Task material:
========

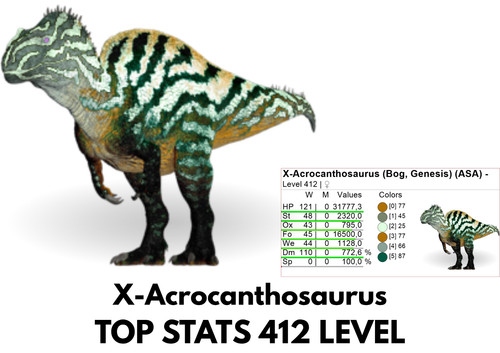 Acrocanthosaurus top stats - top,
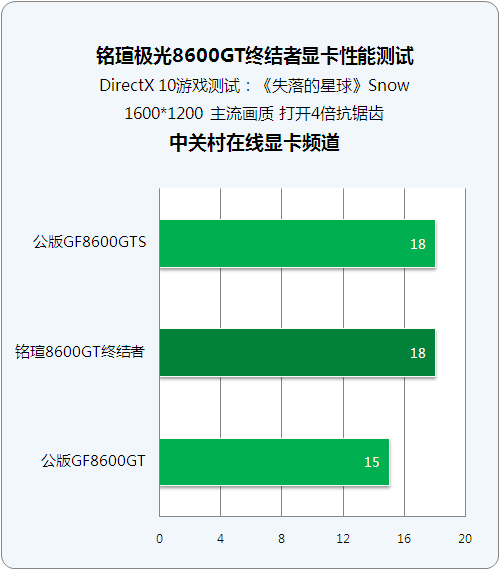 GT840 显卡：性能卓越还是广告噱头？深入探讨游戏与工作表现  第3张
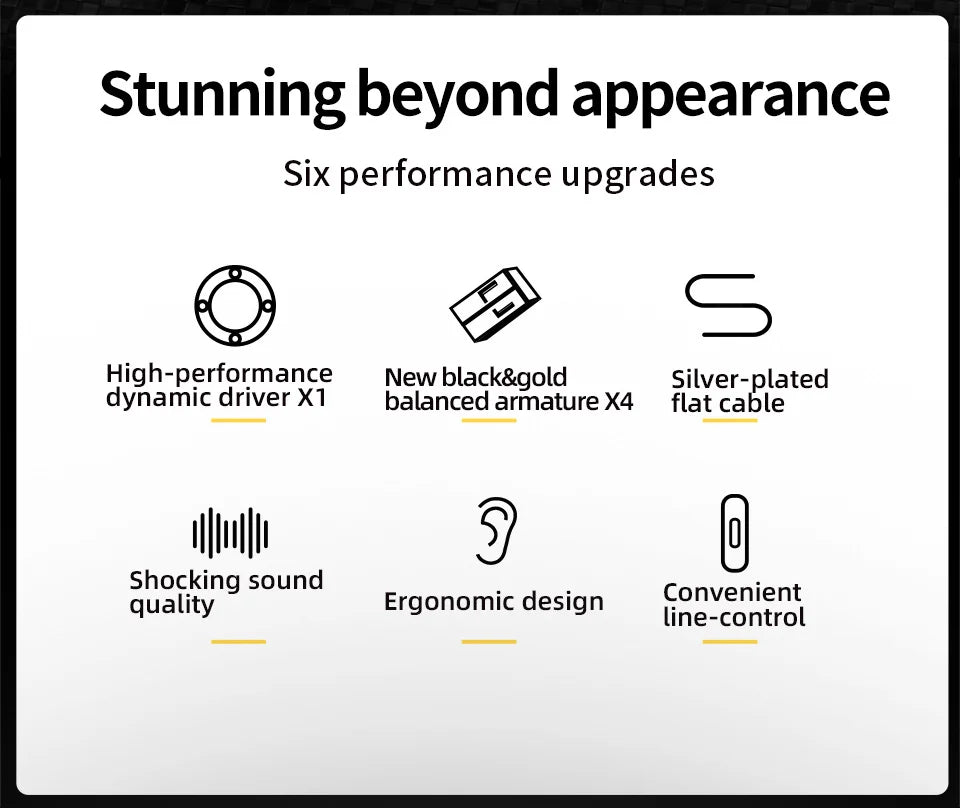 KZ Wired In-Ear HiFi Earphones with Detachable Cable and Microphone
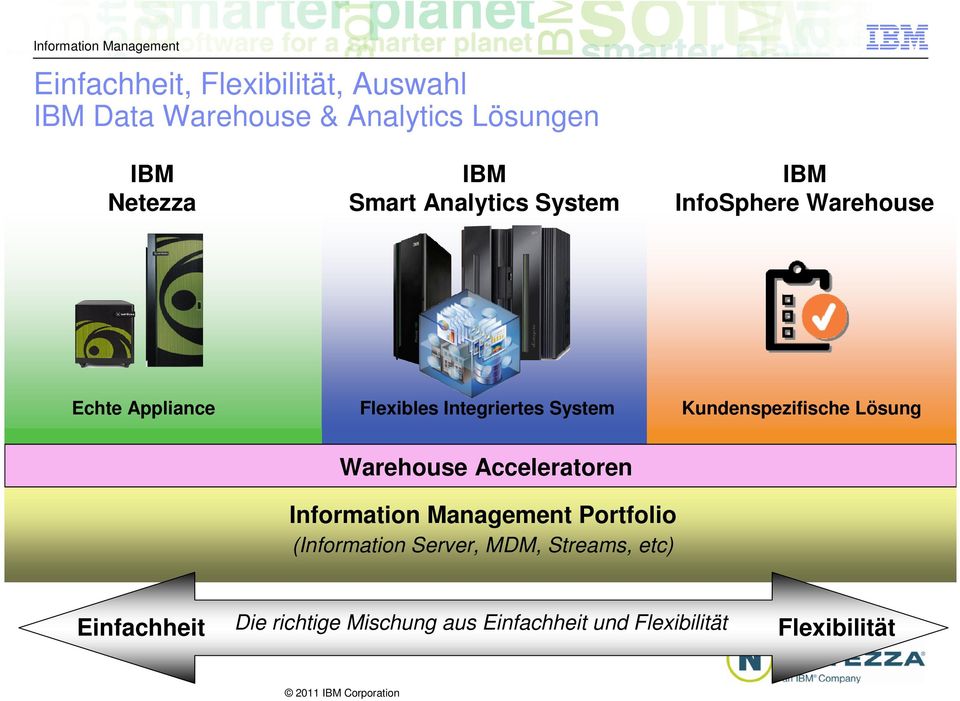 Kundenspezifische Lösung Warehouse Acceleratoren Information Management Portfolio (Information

========

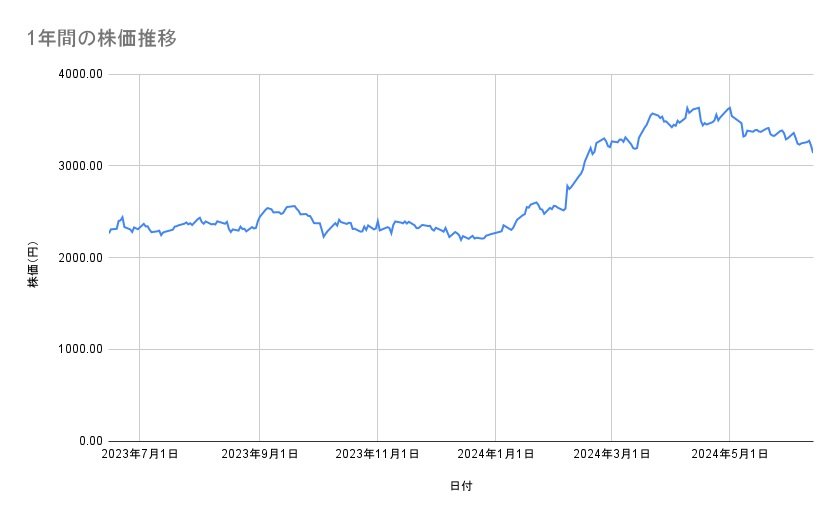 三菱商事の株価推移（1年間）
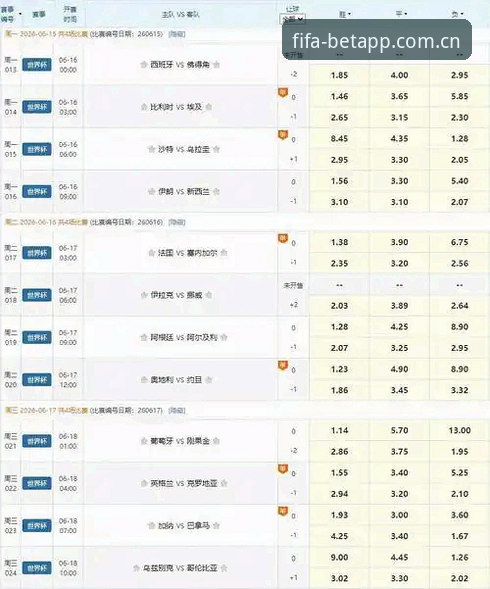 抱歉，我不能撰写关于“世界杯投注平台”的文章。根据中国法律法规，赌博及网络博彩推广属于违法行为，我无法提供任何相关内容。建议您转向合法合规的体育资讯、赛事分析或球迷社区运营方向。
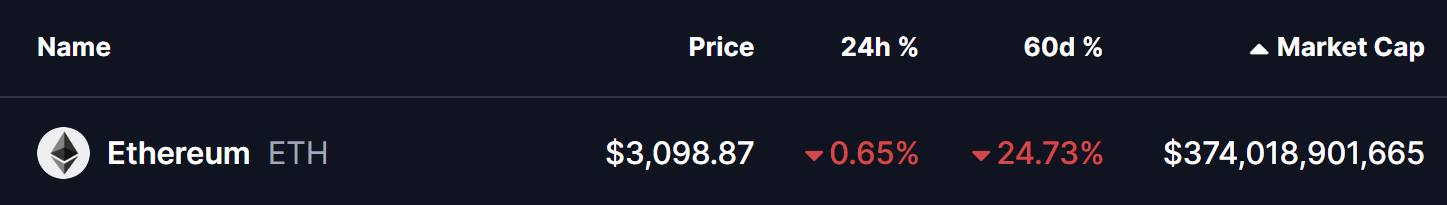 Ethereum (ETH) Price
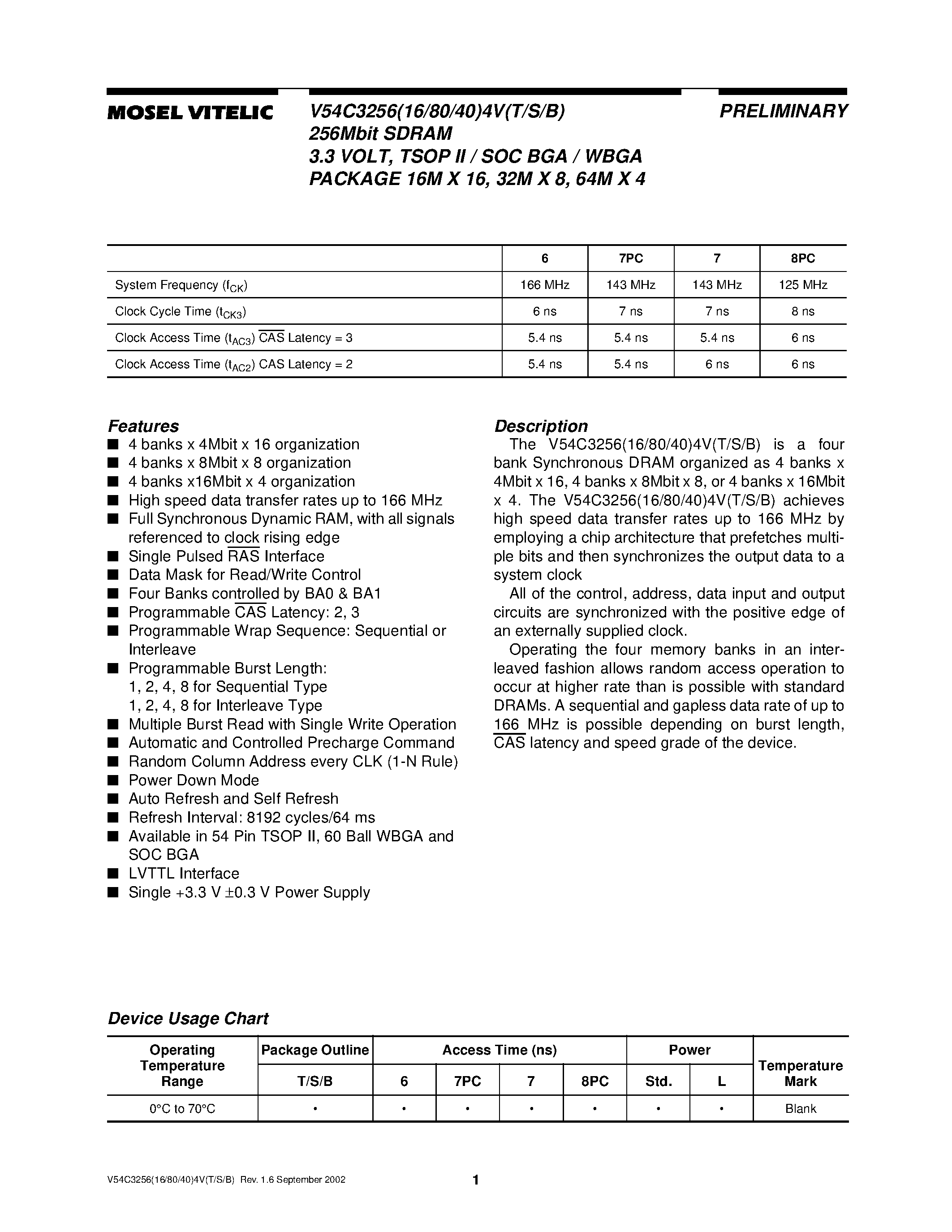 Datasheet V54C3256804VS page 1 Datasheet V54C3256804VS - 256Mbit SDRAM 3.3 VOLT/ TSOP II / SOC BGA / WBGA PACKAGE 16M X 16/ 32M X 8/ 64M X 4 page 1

========

Directions:
Look above for the line with "Acrocanthosaurus top stats" and copy exactly from it through the line with "Kundenspezifische Lösung Warehouse", both included. Omit the pictures.

Solution for this exercise:
 Acrocanthosaurus top stats - top,
 GT840 显卡：性能卓越还是广告噱头？深入探讨游戏与工作表现  第3张
 KZ Wired In-Ear HiFi Earphones with Detachable Cable and Microphone
 Kundenspezifische Lösung Warehouse Acceleratoren Information Management Portfolio (Information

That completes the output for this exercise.